6.  **Evaluation & Display**: The final response is evaluated for quality, and all relevant information—the answer, sources, metrics, and performance data—is presented to the user in the interactive dashboard.

## Technical Stack

* **AI & Machine Learning**: `transformers`, `peft`, `bitsandbytes`, `torch`, `accelerate`
* **Retrieval & Vector Search**: `chromadb`, `sentence-transformers`, `langchain`
* **Data Processing**: `pandas`, `numpy`, `datasets`
* **Web Interface & Dashboard**: `gradio`

## How to Use the Demo

The interface is designed for simplicity and provides a wealth of information with each query.

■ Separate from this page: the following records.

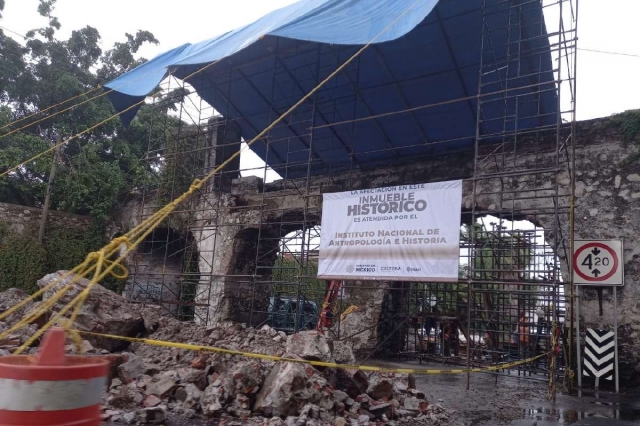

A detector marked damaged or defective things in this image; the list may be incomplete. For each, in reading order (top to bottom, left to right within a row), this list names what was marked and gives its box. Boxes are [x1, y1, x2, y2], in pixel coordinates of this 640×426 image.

damaged stone facade [115, 117, 640, 386]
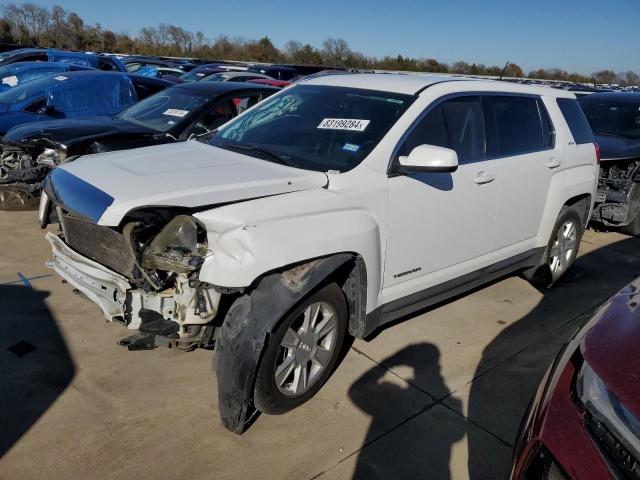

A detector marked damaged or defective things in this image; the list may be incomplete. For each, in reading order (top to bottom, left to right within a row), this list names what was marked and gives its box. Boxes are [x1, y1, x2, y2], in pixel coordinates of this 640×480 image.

dented hood [50, 140, 328, 226]
detached bumper cover [45, 232, 131, 320]
crushed front bumper [46, 231, 131, 320]
damaged white suv [41, 73, 600, 434]
crumpled fender [215, 253, 356, 434]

1.  Enter a question related to software development, architecture, or best practices into the text box. You can use the provided sample queries as inspiration.
2.  Click the **Analyze Query** button.
3.  Review the output in the panels:
    * **Analysis Result**: The generated answer from the fine-tuned RAG system.
    * **Referenced Sources**: The documents from the knowledge base used to formulate the answer.
    * **Response Metrics**: A detailed breakdown of the response quality, including relevance, grounding, and technical accuracy scores.
    * **Performance Data**: Information on the query processing time, tokens used, and estimated cost.
    * **System Statistics**: An overview of cumulative usage and performance.

## Disclaimer

This project is a demonstration of a production-ready RAG system for a specialized domain. The automatic fine-tuning process is computationally intensive and may be slow on CPU. For optimal performance, running this demo on a GPU-accelerated environment is recommended. All generated responses are for informational purposes and should be validated by a qualified professional.